The Commerce Department failed to support its use of quarterly costs and failed to provide a rational explanation when it revised the antidumping duty margin for Italian steel exporter Officine Tecnosider to zero percent on remand, Nucor Corporation said in its Oct. 12 remand comments at the Court of Internatinoal Trade (Officine Tecnosider SRL v. United States, CIT # 23-00001).

On remand, Commerce agreed to use the quarterly cost methodology offered by Tecnosider instead of its usual annual cost calculation. Commerce said that it found Tecnosider's costs of manufacturing had significantly changed over the period of review and that those changes were linked with sales prices over the same period (see 2309120010)

Nucor said that while Commerce used its "typical approach" of examining the five largest control numbers in the home market with the five largest in the U.S., that "rote application" failed to address the specific facts of the record. Commerce was unable to conduct a trend analysis because Tecnosider only made U.S. sales in the third quarter of the review period. Nucor claimed that there was evidence of a correlation between cost and price for only half of the relevant data and Commerce failed to explain why its conclusion was still reasonable, even in view of that gap.
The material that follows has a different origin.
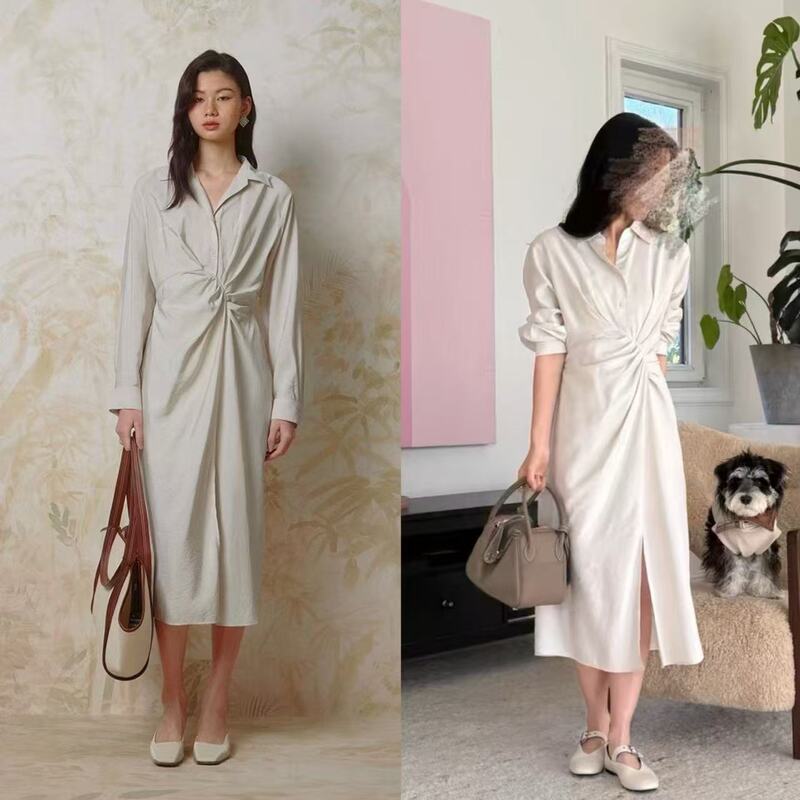 Yuran 26 Early Spring New Model Zz Pearlescent Satin Lightweight Anti-Wrinkle Deconstructed Pleated Anti-Wrinkle Shirt Dress Yuran 26 Early Spring New Model Zz Pearlescent Satin Lightweight Anti-Wrinkle Deconstructed Pleated Anti-Wrinkle Shirt Dress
Nucor also alleged that Commerce failed to "meaningfully engage" with its arguments in response to the department's draft redetermination. Commerce has deviated from its normal methodology when required by the facts of the specific case, Nucor said, meaning it cannot simply lean on its "normal approach" to issues as an excuse for ignoring specific facts in specific cases, or as an excuse for failing to provide reasoned explanations, Nucor said.

Commerce had asked for, and was granted, a voluntary remand to review information submitted by Tecnosider on the agency's use of a quarterly cost methodology (see 2305160042). Using the quarterly methodology, Commerce found that more than 20% of Tecnosider's home market cases were at prices below the cost of production and didn't permit the recovery of costs within a reasonable period of time. Commerce decided to disregard those sales and recalculated, arriving at a zero percent margin.